You go to the barn one afternoon and notice your horse is starting to shed. The ground is no longer a sheet of pure ice, but is slowly starting to resemble a mud pit. The barn manager has pulled some of the water heaters out. You start to cautiously pack away your horse’s heavy weight and replace it with his medium or (gasp!) lightweight blanket. Could it be? Is it really that time of year again? Is winter finally winding down? YES! It is almost Spring.

As I write this I am sitting outside in a sundress soaking up the rays. No, Pennsylvania has not been hit by a sudden heat wave. I’m on vacation in sunny Florida for the week, enjoying seven days free of constant phone calls, cleaning stalls, and small scale barn floods. But all this warm weather has gotten me to thinking: what can we do, as horse owners and riders and barn managers, to make the transition from winter to spring a smooth one for both us and our horses?

1) Training & Conditioning. If you’re like me, you tend to slack off in the riding over the winter. It’s cold, the ground is frozen. Barn chores take twice as long to complete and by the time you’ve finished cleaning out one barn and taught four lessons, you don’t want to spend any more time in the freezing weather, even if it means finally having the chance to ride your own horse (plus Darwin is claustrophobic and Poppy covers the length of the indoor is four mammoth canter strides, which makes turning kind of hard). So it shouldn’t really be any big surprise that when the weather finally clears up you are itching to ride, but your horse isn’t because they are either a) so amped up from not being ridden for four months they just want to be FREEEEE or b) so lazy and undermuscled from not being ridden for four months they just want to sleep. Cue the training and conditioning.

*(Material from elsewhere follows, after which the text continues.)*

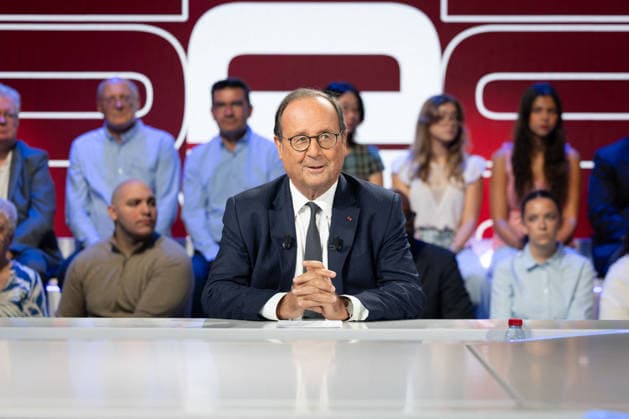 Interview of Francois Hollande on BFMTV - Paris Former french President Francois Hollande appears during an interview on Face a BFM on BFMTV in Paris on September 15, 2026, as part of the French 2027 presidential elections. Photo by Raphael Lafargue ABACAPRESS.COM Paris France  Copyright: xLafarguexRaphael ABACAx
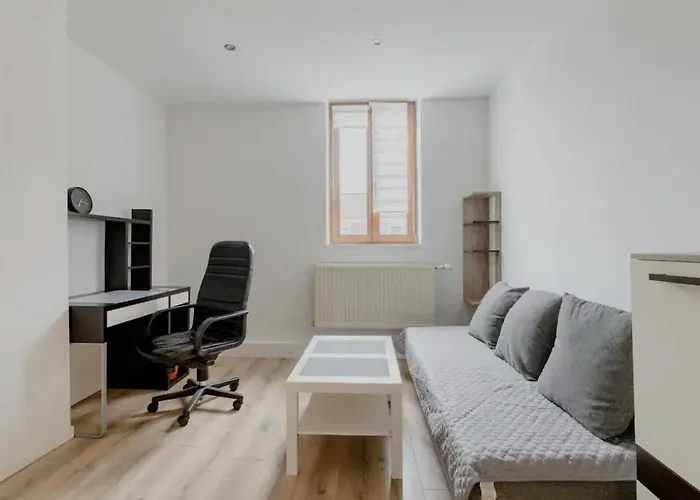 Beautiful Fully Renovated Apartment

Do not step into spring expecting your horse to be at the same fitness level they were in the Fall. When the weather finally clears and the outdoor footing resurfaces, lunging is going to be your best friend. Don’t even think about jumping or any of those fancy high level dressage moves until you have a good four weeks of lounging and long bouts of trotting under your belt. My conditioning program for Darwin this spring is going to look something like this:

Monday – Lounge walk/trot ten minutes each direction
Tuesday – Ride walk/trot for approx. half an hour
Wednesday – Free lounge at the trot for twenty minutes
Thursday – Hill work either in hand, undersaddle, or on the lunge
Friday – Lounge in the chambon
Saturday – Ride walk/trot for half an hour
Sunday – A well deserved day off (for both of us).


Each week the work will get progressively longer, until he can easily chug through an hour of work without breaking a sweat. Then we’ll get to the big stuff, like cantering and collection.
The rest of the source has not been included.